DIRECTIONS FOR THIS TASK: Beginning with the line that contains "monstera leaves tattoo idea" and ending with the line that contains "image:imageRVivimos Womens Fall", reproduce the lines of the entries below exactly, omitting pictures.
━━ RECORDS TO USE
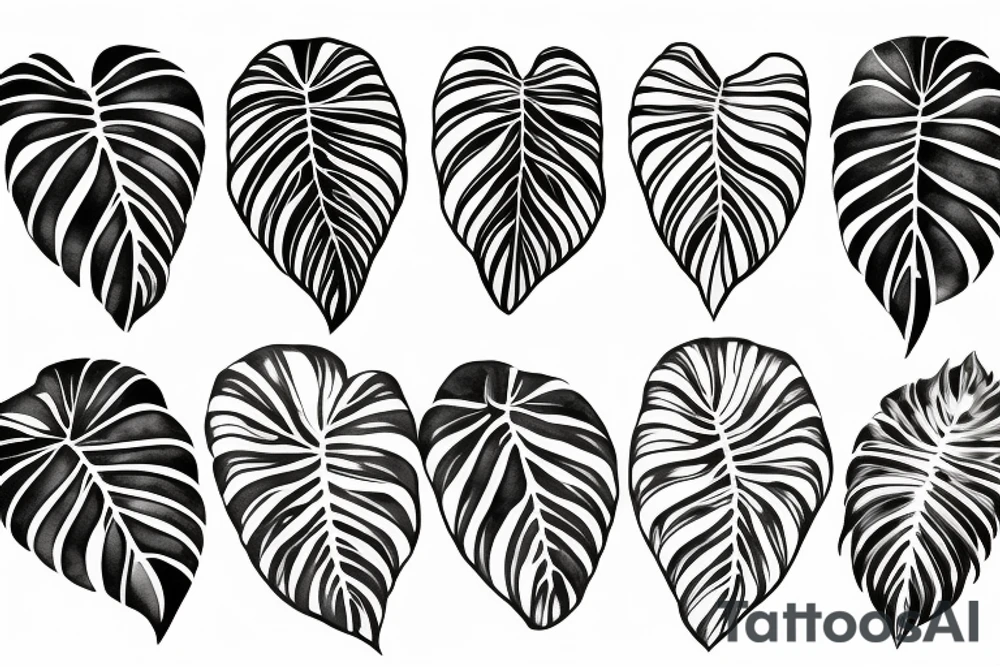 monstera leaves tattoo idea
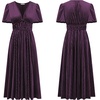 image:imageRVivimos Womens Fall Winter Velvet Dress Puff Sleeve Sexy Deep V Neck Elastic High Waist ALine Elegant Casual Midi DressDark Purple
━━━━
━━ RECORDS TO USE
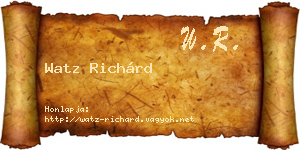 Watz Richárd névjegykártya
━━━━
SOLUTION:
 monstera leaves tattoo idea
 image:imageRVivimos Womens Fall Winter Velvet Dress Puff Sleeve Sexy Deep V Neck Elastic High Waist ALine Elegant Casual Midi DressDark Purple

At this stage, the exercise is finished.